In materia di concorsi pubblici il dovere di astensione riguarda anche chi è chiamato ad espletare compiti di natura gestionale, ex art. 6-bis L. n. 241-1990, aggiunto dall’art. 1, comma 41, l. 6 novembre 2012, n. 190 (c.d. legge anticorruzione). Al fine di poter identificare anche solo un potenziale conflitto di interessi, si deve essere in presenza di atti aventi natura discrezionale e non vincolati. Nel caso di specie l’atto di nomina della Commissione di concorso rientra a pieno titolo negli atti aventi natura discrezionale, dovendo il dirigente effettuare apprezzamenti soggettivi che ben possono, anche solo in astratto, essere condizionati dal fatto che chi concorre all’adozione dell’atto versa nella vicenda con un interesse personale. In altre parole, lo stesso riferimento al conflitto, anche solo potenziale, vale a dimostrare un’esplicita volontà̀ del legislatore di impedire ab origine il verificarsi di situazioni di interferenza, rendendo assoluto il vincolo dell’astensione, a fronte di qualsiasi posizione che possa, anche in astratto, pregiudicare il principio di imparzialità. In definitiva, secondo i giudici amministrativi di appello, l’obbligo di astensione non ammette deroghe ed opera per il solo fatto che il dipendente pubblico risulti portatore di interessi personali che lo pongano inequivocabilmente in conflitto con quello generale affidato all’Amministrazione di appartenenza.

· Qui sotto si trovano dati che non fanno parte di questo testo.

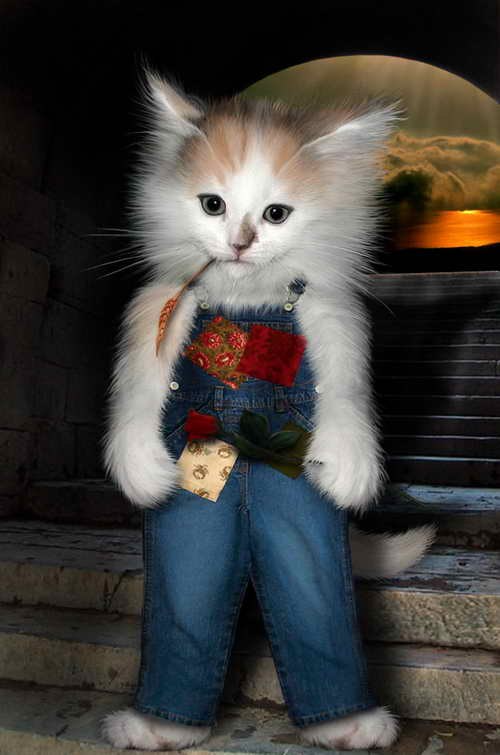 Николай Мальчиков | Санкт-Петербург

Nel caso di specie, non vi può essere alcun dubbio che il dirigente a contratto fosse inequivocabilmente portatore di un interesse contrario al buon esito della procedura selettiva oggetto del presente giudizio (che, infatti, si è conclusa senza alcun vincitore) con la conseguenza che, sul piano amministrativo, aveva l’obbligo di astenersi dal compiere atti discrezionali incidenti sul procedimento selettivo, stesso, quale la nomina di una commissione di concorso.

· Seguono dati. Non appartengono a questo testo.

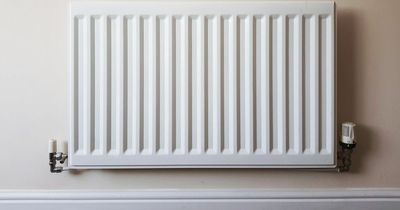Mum shares £1.50 radiator trick that makes your home smell 'amazing'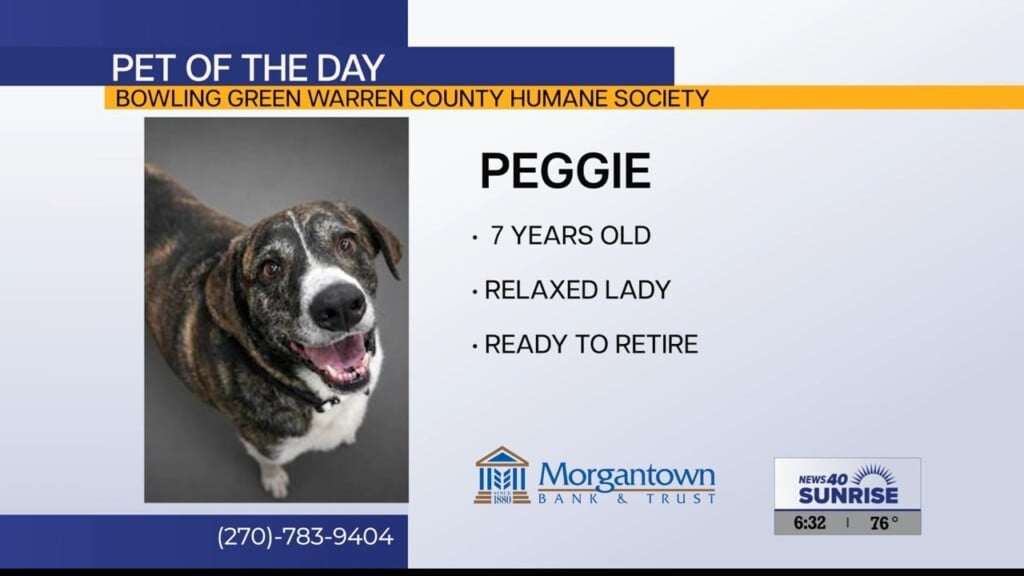 Pet Of The Day, Peggie, 071726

A differenza di quanto statuito dal tribunale amministrativo di primo grado, il dirigente a contratto non ha partecipato al concorso di mobilità volontaria al quale hanno partecipato il ricorrente e gli altri concorrenti, tutti dichiarati inidonei; ha partecipato invece, e con successo, alla selezione per assunzioni triennali ex art. 110 TUEL indetta contemporaneamente per l’eventualità che avesse avuto esito negativo il predetto concorso di mobilità volontaria.
Sulla nomina della Commissione
Una importante annotazione, in merito alla nomina della commissione di concorso, è stata indicata dal Consiglio di Stato. E’ stato, infatti, stigmatizzato come il provvedimento di nomina della commissione di concorso, sia un provvedimento delicato sul piano delle scelte da effettuare e fondamentale per l’andamento del concorso, attesa la nota giurisprudenza amministrativa che nega la sindacabilità delle valutazioni finali delle commissioni di concorso (salvo che ricorrano profili macroscopici), il che rende evidente la necessità di sceglierne i membri in modo che sembri imparziale e scongiuri ogni rischio di parzialità, a prescindere dalla dimostrazione concreta che la scelta sia stata effettivamente parziale e volta a pilotare l’esito del concorso (che spetta, invece, alla giurisdizione penale eventualmente accertare).
Conclusioni
Per il Consiglio di Stato, pertanto, il ricorso deve essere accolto in ragione del conflitto di interessi con conseguente annullamento dei provvedimenti impugnati.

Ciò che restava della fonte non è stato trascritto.